__Action item__:
Print the lines in the listing below starting at the line with "Δερμοκαλλυντικα" and ending at the line with "第274话 热搜 第25页", both included. Reproduce them exactly and omit every picture.

__Data provided__:
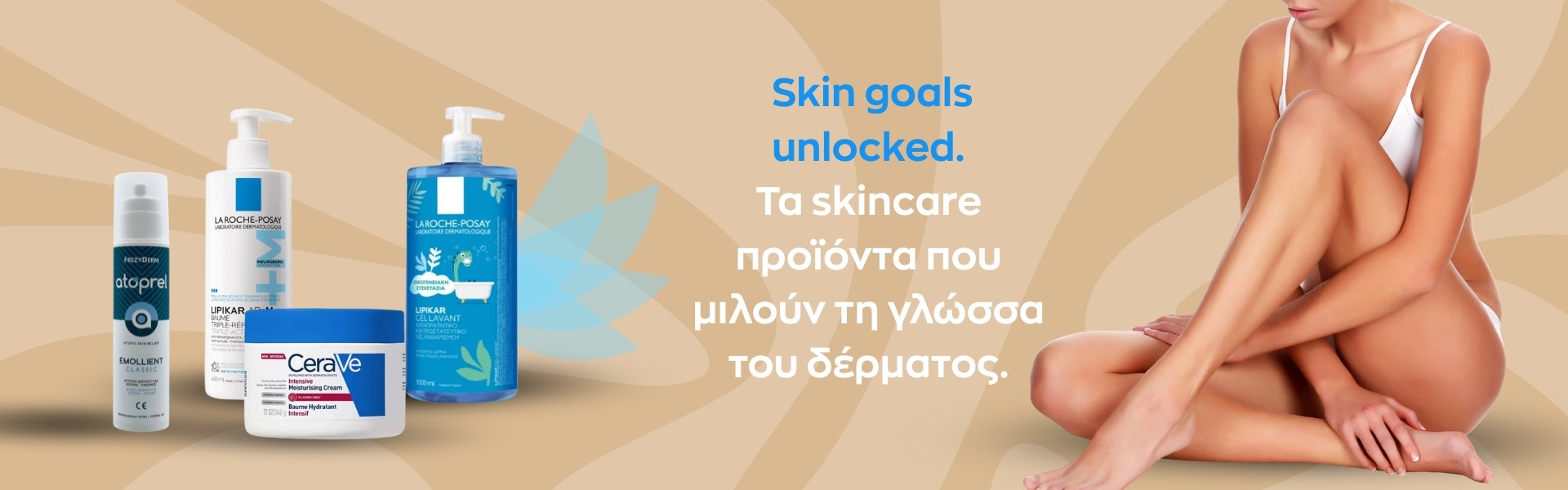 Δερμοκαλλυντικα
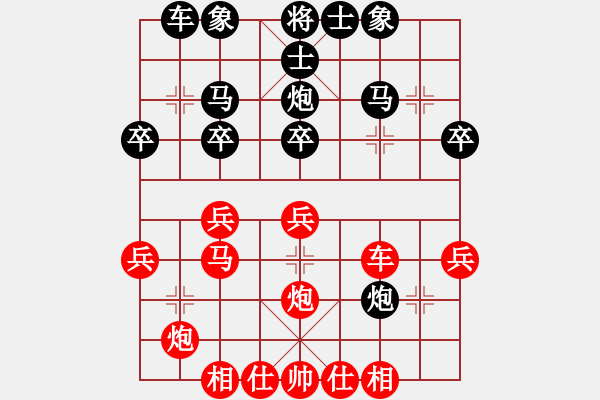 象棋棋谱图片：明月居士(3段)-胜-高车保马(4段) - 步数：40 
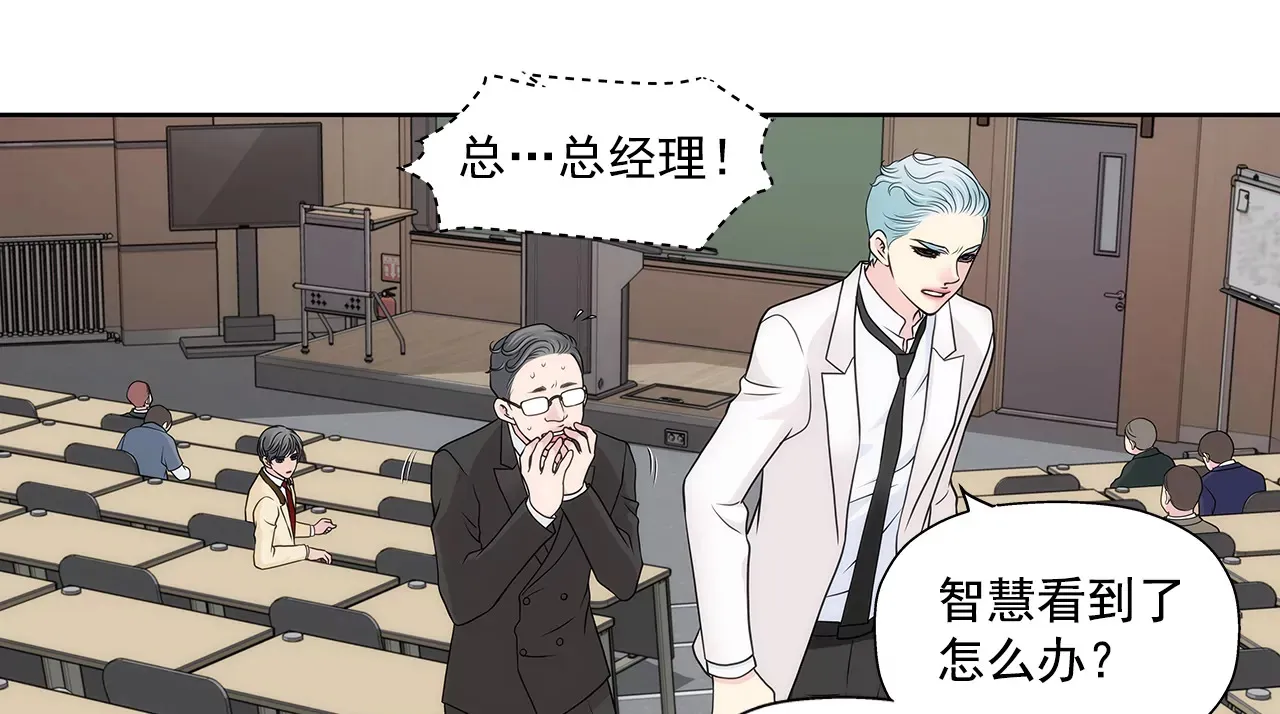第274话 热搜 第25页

* * *

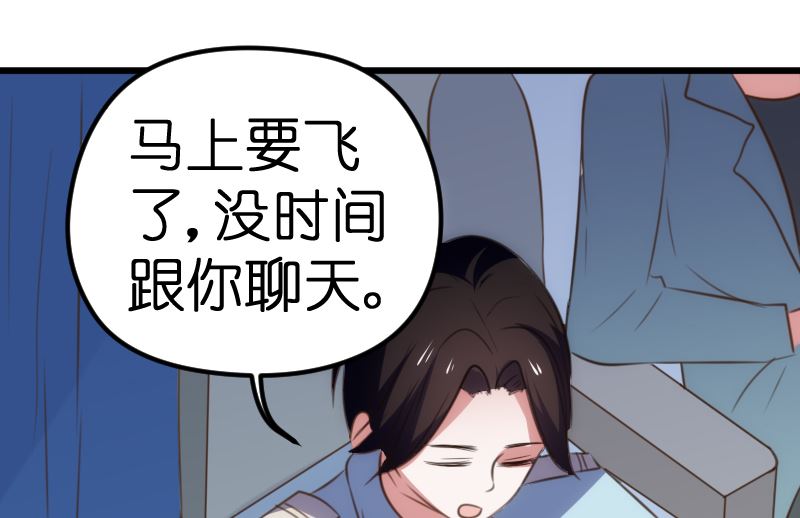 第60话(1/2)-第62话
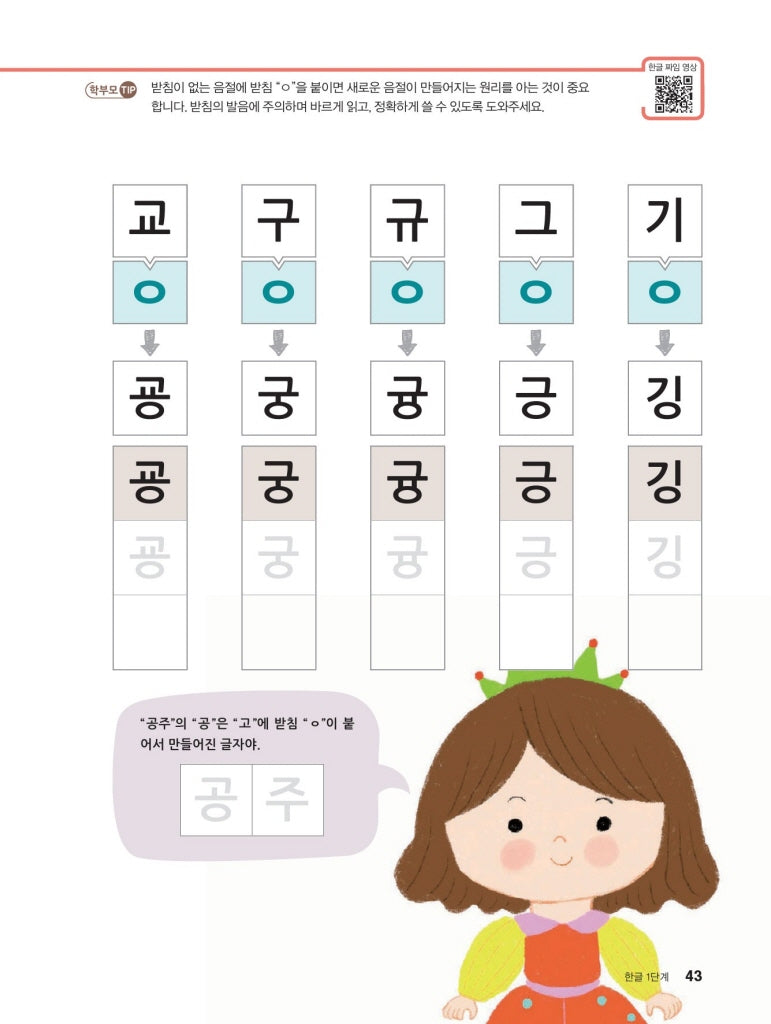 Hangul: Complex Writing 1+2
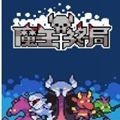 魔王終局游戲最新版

__Your response__:
 Δερμοκαλλυντικα
 象棋棋谱图片：明月居士(3段)-胜-高车保马(4段) - 步数：40 
第274话 热搜 第25页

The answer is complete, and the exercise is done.